Labor Day, to most, marks the end of summer and the start of back to school. It also starts my favorite time of year…fall. Hearty meals, crips mornings, apples, pumpkins, and the changing leaf colors just can’t be beat.

As with many holidays, we look forward to the day off and rarely think about why we observe the holiday. So we wanted to take a minute to look back at why we observe the holiday.

The U.S. Department of Labor states Labor Day “is a creation of the labor movement and is dedicated to the social and economic achievements of American workers. It constitutes a yearly national tribute to the contributions workers have made to the strength, prosperity and well-being of our country.”

Labor Day became a federal holiday in 1894. Interestingly, it originated during one of America’s most dismal work chapters—the Industrial Revolution. At that time, Americans worked an average of twelve hours a day, seven days a week, and barely made a living. In addition, working conditions were unsafe. Manufacturing was slowly replacing agriculture in American employment and labor unions began to start. Strikes and rallies began to protest the unsafe conditions. These circumstances brought about the idea of a “workingmen’s holiday”. It took twelve years to become a legal holiday.

These days we relish the three day weekend. We plan BBQs, final camping trips, and weekend get-aways. However, I don’t think any of us stop to say “thank you” for our hard-working ancestors that fought so we have this day or to stop and reflect on our hard work of the last year.

Today, most Americans work approximately 44 to 47 hours per week. However, many Americans work significantly more hours depending upon industry competitiveness and demand. For entrepreneurs and small business owners, time is money and in some ways, they are always working, dreaming, planning, and networking. Over 70% of women work outside the home, while still maintaining primary responsibility for the home, adding to the “work” day. The United States is the most overworked industrialized country in the world. A bit depressing? Yep.

This Labor Day, take time in your planning to say thanks for the time the holiday provides, take time to reflect on how to work smarter not harder, and take time to relax.

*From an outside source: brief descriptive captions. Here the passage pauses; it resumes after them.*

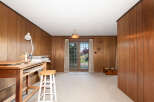 Discover a versatile space with warm wood paneling and a bright, airy feel, perfect for an art studio or creative retreat.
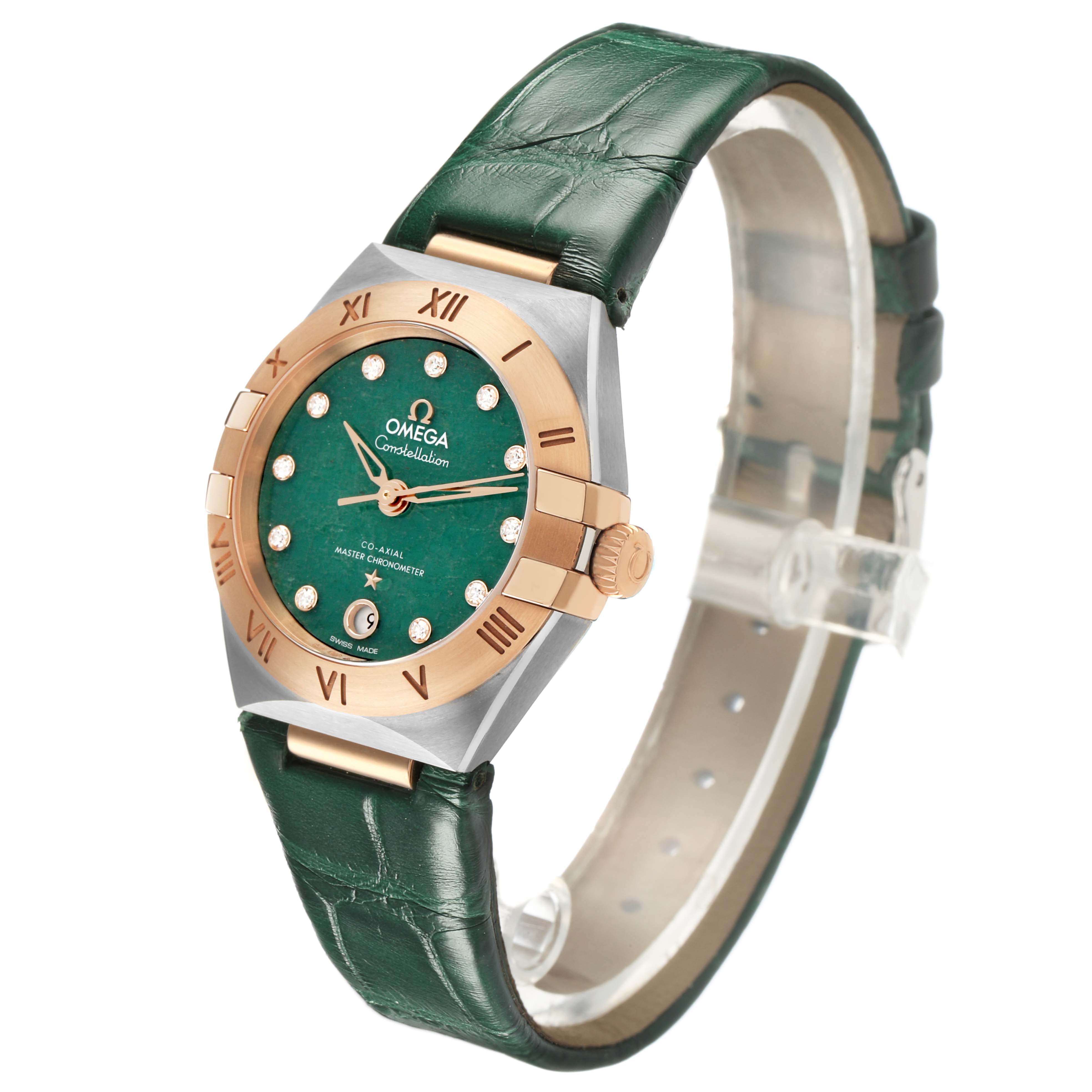 The image shows an Omega 131.23.29.20.99.001 Women's Steel and Gold (two tone) Green Dial Constellation 29 Diamond Steel Rose Gold watch at an angle highlighting the green dial and leather strap.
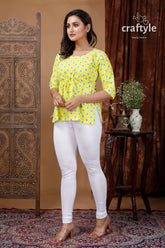 Lemon yellow cotton printed top with three quarter sleeves woman yellow patterned white leggings 3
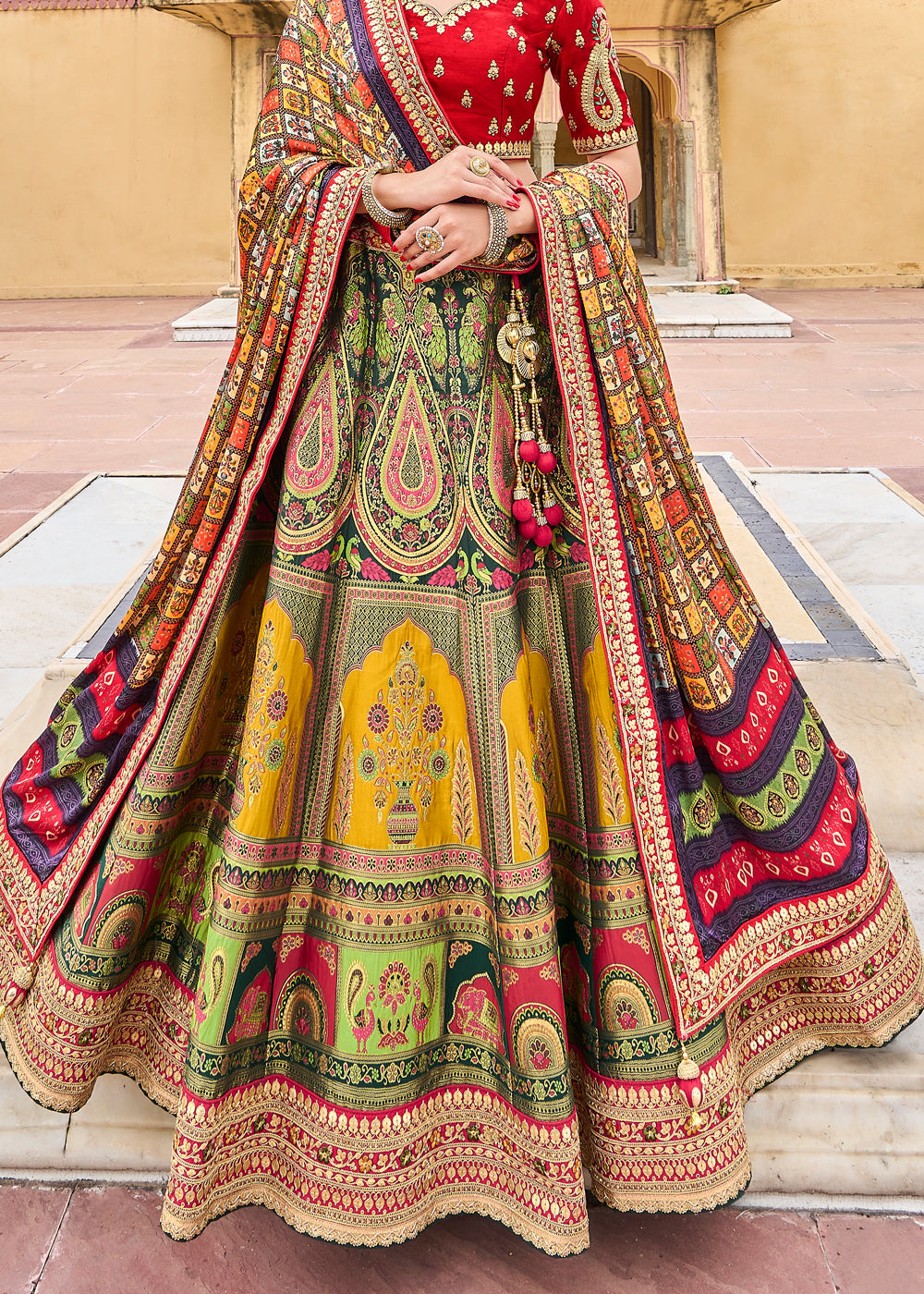 Pretty yellow lehenga with red dupatta for an engagement. See more on  wedmegood.com #wedmegood #i… | Indian wedding fashion, Indian wedding  gowns, Ceremony dresses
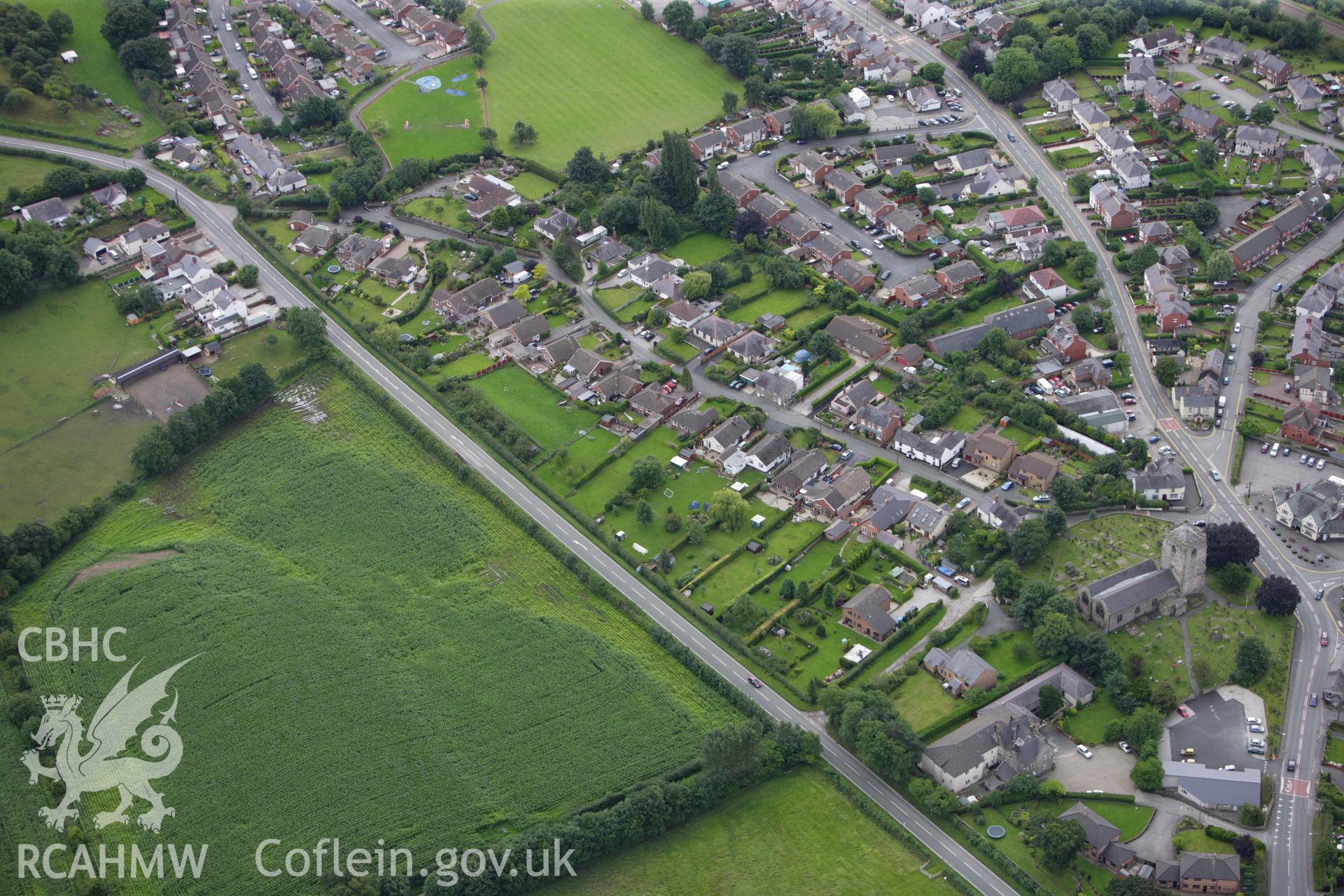 RCAHMW colour oblique aerial photograph of a section of Wat's Dyke east of Hope. Taken on 30 July 2009 by Toby Driver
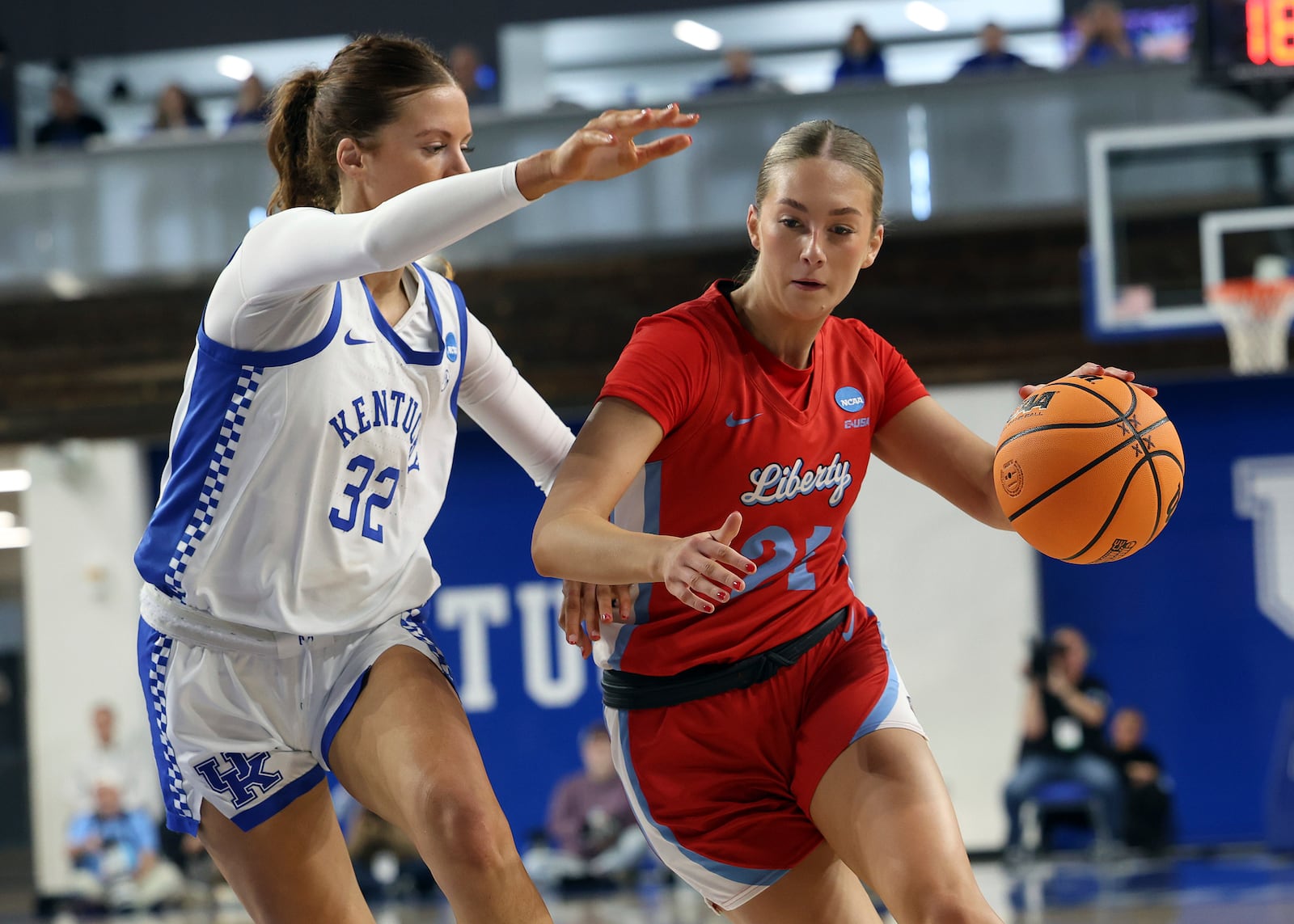 Liberty's Elisabeth Aegisdottir, left, drives while defended by Kentucky's Amelia Hassett (32) in the first round of the NCAA college basketball tournament in Lexington, Ky., Friday, March 21, 2025. (AP Photo/James Crisp)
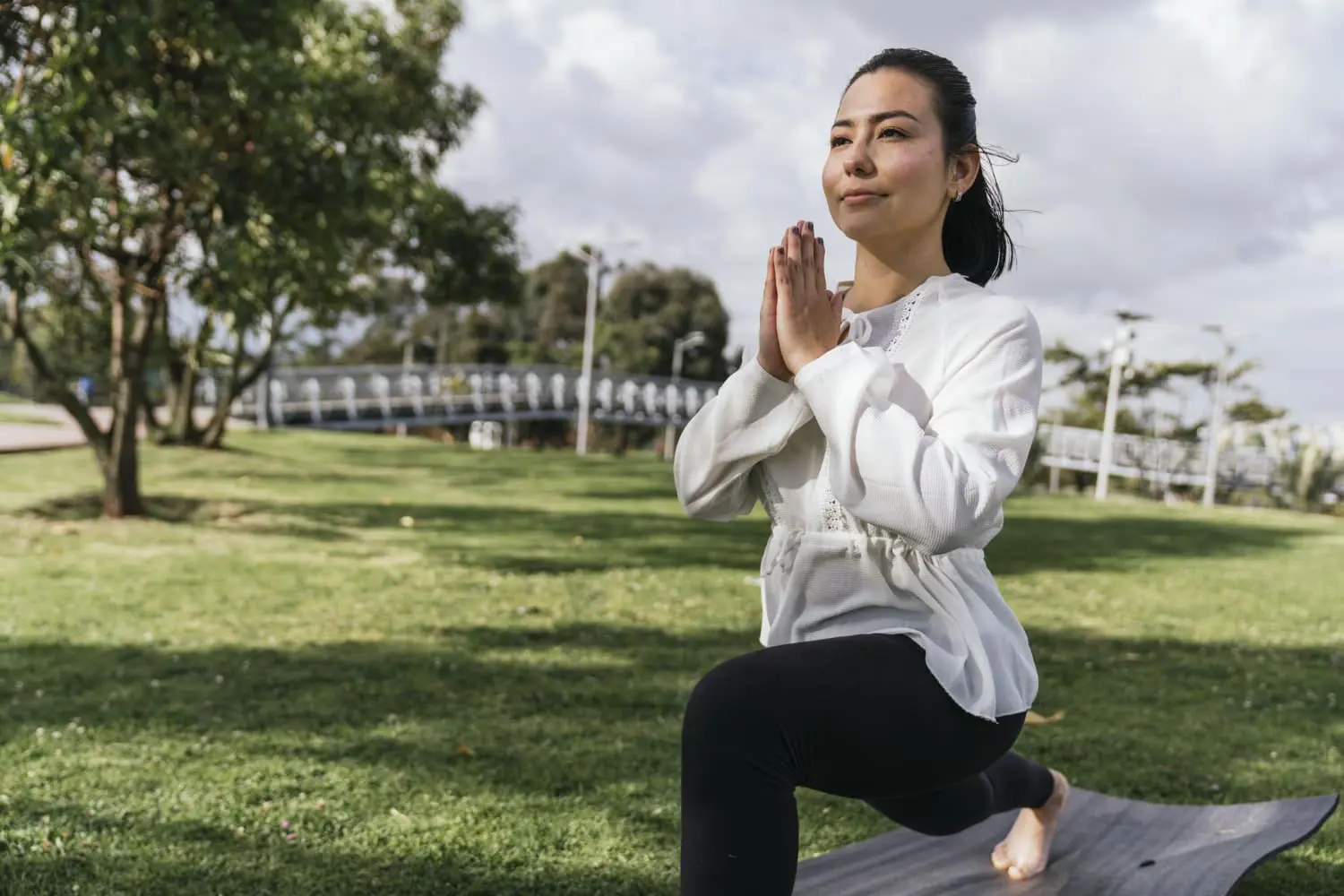 In Jacksonville FL, a woman practices yoga outdoors on a mat, kneeling in a lunge position with hands pressed together—an exercise that can support better posture and breathing habits for mouth breathers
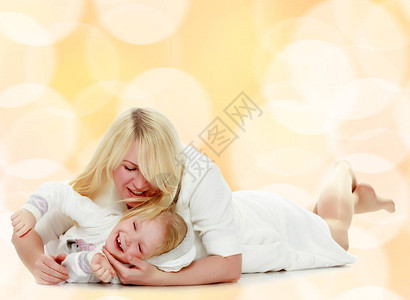 幸福的家庭母亲和小女儿躺在地板上背景图片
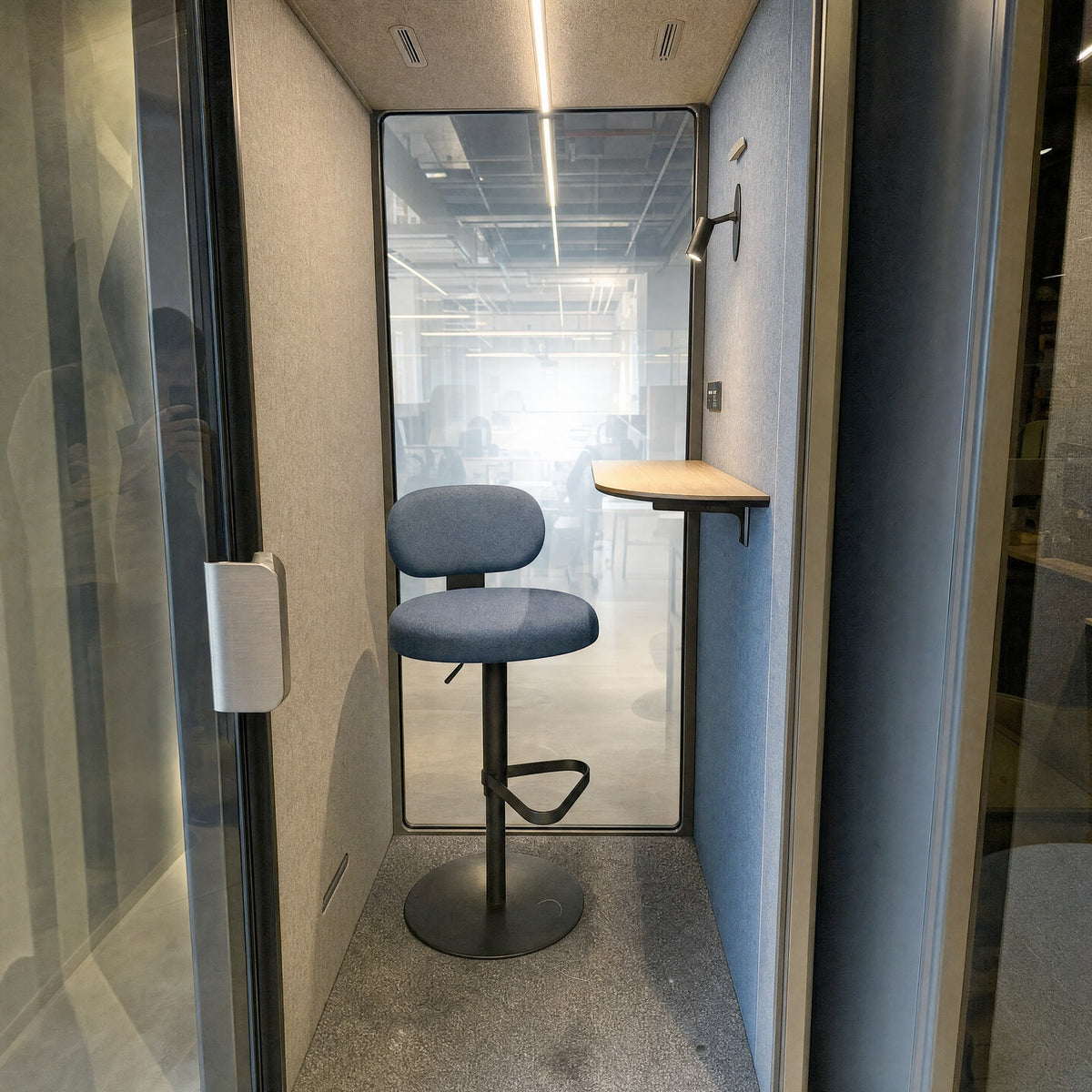 Inside the SoundBox VRS Single: glass back wall, greige felt, oak shelf, lamp and control panel at the far end of the right wall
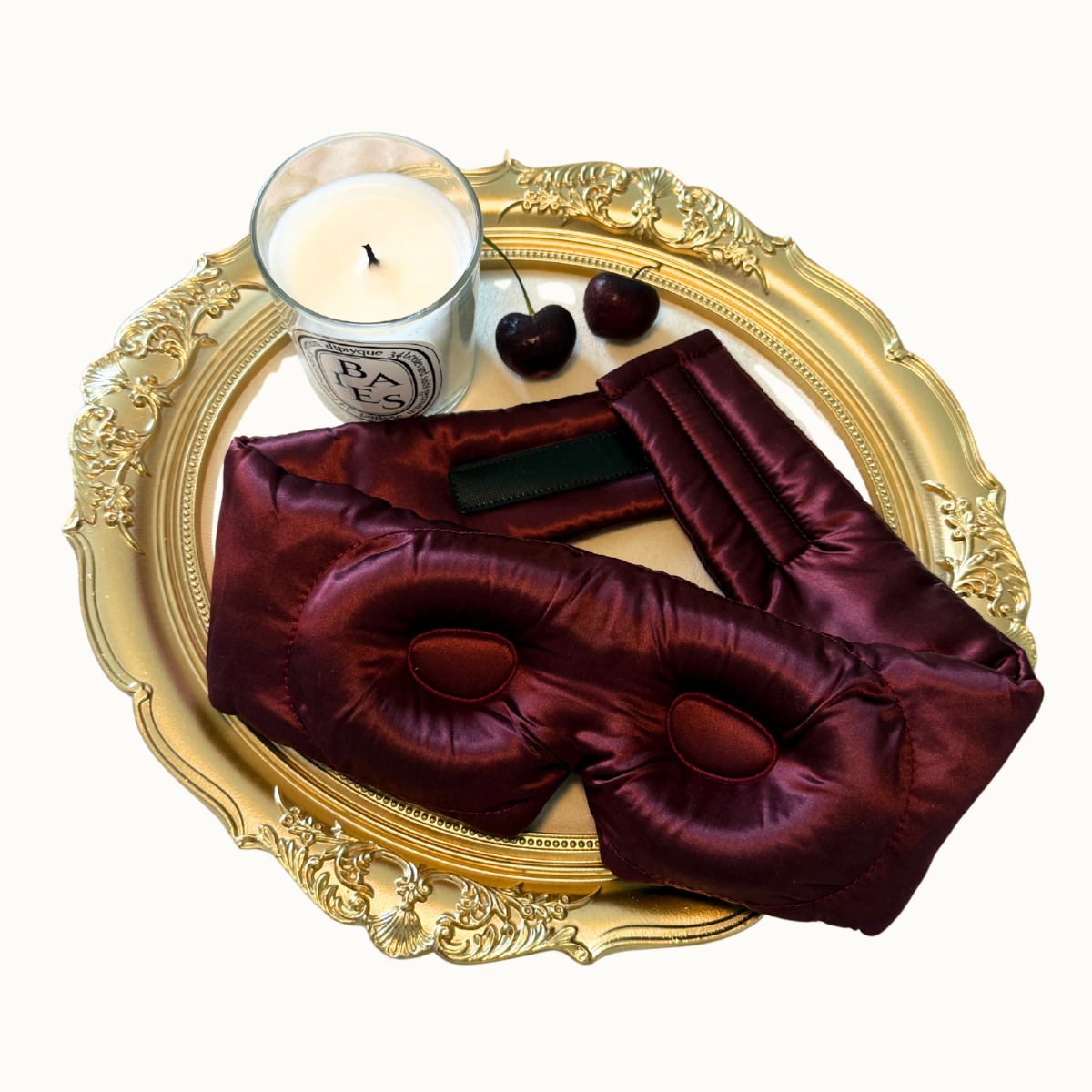A luxury silk sleep mask in deep burgundy, styled on an ornate gold tray alongside a Parisian-style candle, cherries, and a black rectangular accessory, set against a clean off-white background.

What are your favorite ways to spend the weekend? What is your favorite weekend menu? What is your favorite place to travel to? We would love to hear from you!

Contributed by Jessica Clemens

Sources:

International Labor Organization. (2006). Americans work longest hours among industrialized countries, Japanese second longest. Europeans work less Time, but register faster productivity gains New ILO statistical volume highlights labour trends worldwide. Retrieved from https://www.ilo.org/global/about-the-ilo/newsroom/news/WCMS_071326/lang–en/index.htm.

US Department of Labor (n.d.). The History of Labor Day. Retrieved from https://www.dol.gov/general/laborday/history.

Ward, M. (2017, May 3). A brief history of the 8-hour workday, which changed how Americans work. Retrieved from https://www.cnbc.com/2017/05/03/how-the-8-hour-workday-changed-how-americans-work.html#:~:text=According%20to%20the%20Bureau%20of,or%208.8%20hours%20per%20day.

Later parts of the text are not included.